Draw-Activated vs. Button-Fired
The simplest vapes are draw-activated. You inhale, the pressure sensor detects it, and the coil heats up automatically. There are no buttons, no menus, and no settings to configure. This is the standard design for disposable vapes and most beginner pod systems.
Button-fired devices require you to press and hold a power button while inhaling. This gives you more control over when the coil starts heating and for how long. More advanced devices add screens, wattage controls, and temperature limiting. Many modern vape batteries include built-in safety features: overcharge protection to prevent the battery from charging past its capacity, short-circuit protection that shuts the device off if a wiring fault is detected, and low-voltage protection that powers the device down when the battery is nearly depleted.

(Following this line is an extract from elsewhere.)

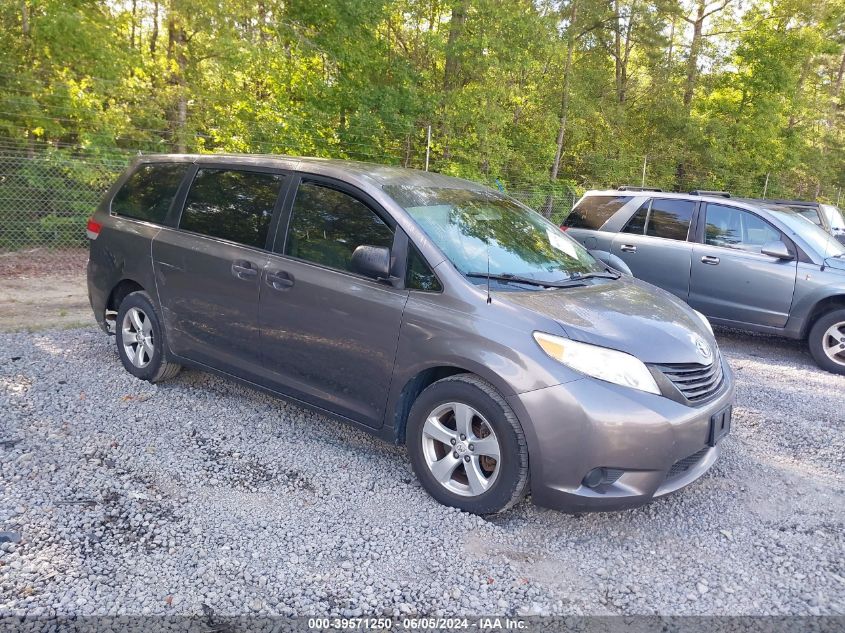 2012 Toyota Sienna Base V6 7 Passenger VIN: 5TDZK3DC5CS217570 Lot: 39571250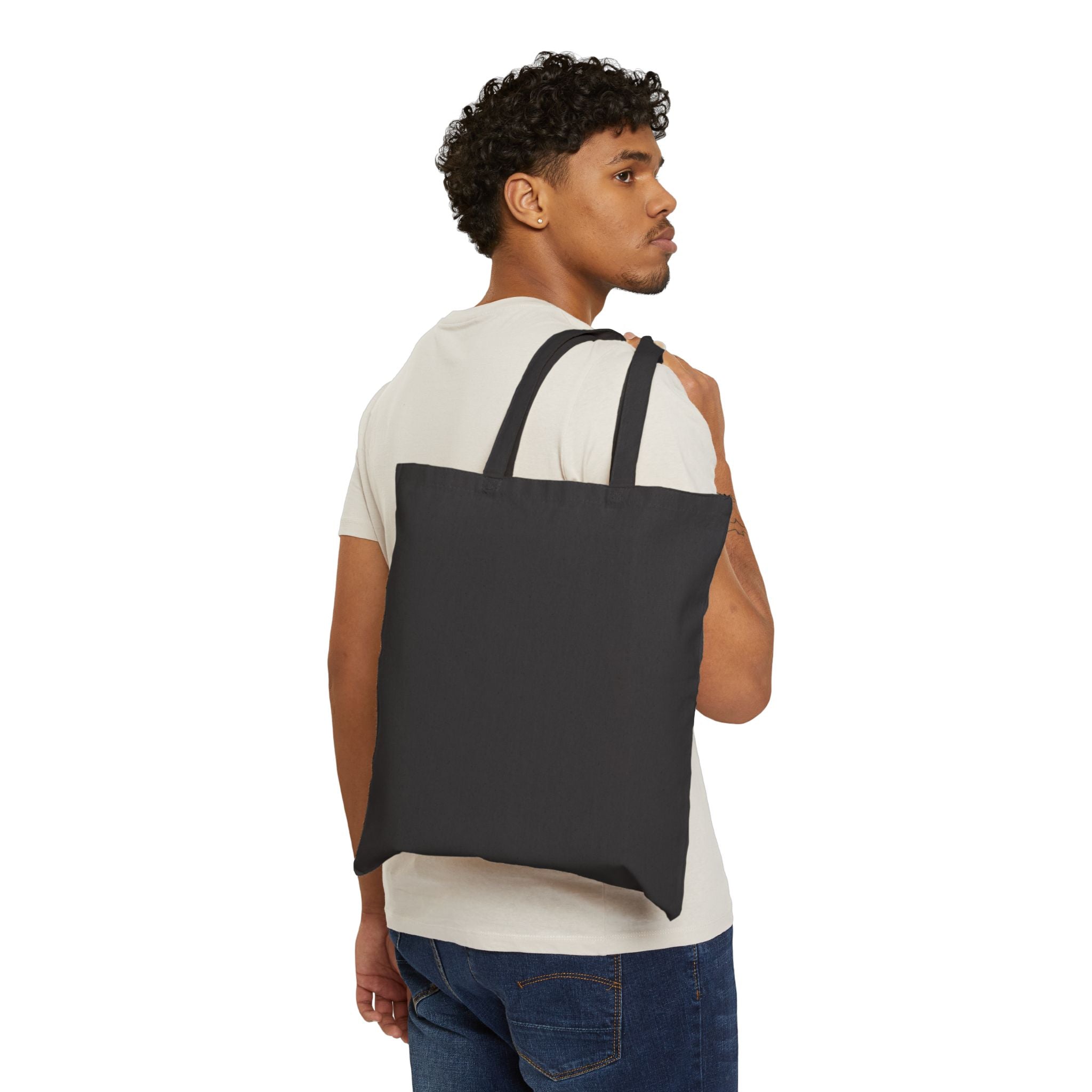Tuxedo Cat Illustration Tote Bag | Samy Cat & Co. Canvas Tote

Mouth-to-Lung vs. Direct-to-Lung
Vapes are generally designed around one of two inhalation styles, and the hardware determines which one the device supports.
Mouth-to-lung (MTL) devices have a narrow mouthpiece and restricted airflow, similar to drawing on a cigarette. You pull vapor into your mouth first, then inhale it into your lungs in a second step. These devices run at lower power, use higher-nicotine liquid, and produce modest amounts of vapor. Most disposables and pod systems are MTL devices.
Direct-to-lung (DTL) devices have a wider mouthpiece and much more open airflow. You inhale the vapor straight into your lungs in one breath, like breathing through a straw. These devices run at higher power, use lower-nicotine liquid (typically 3 to 6 mg/mL), and produce significantly more vapor. DTL devices often include adjustable airflow rings so you can fine-tune the draw resistance to your preference.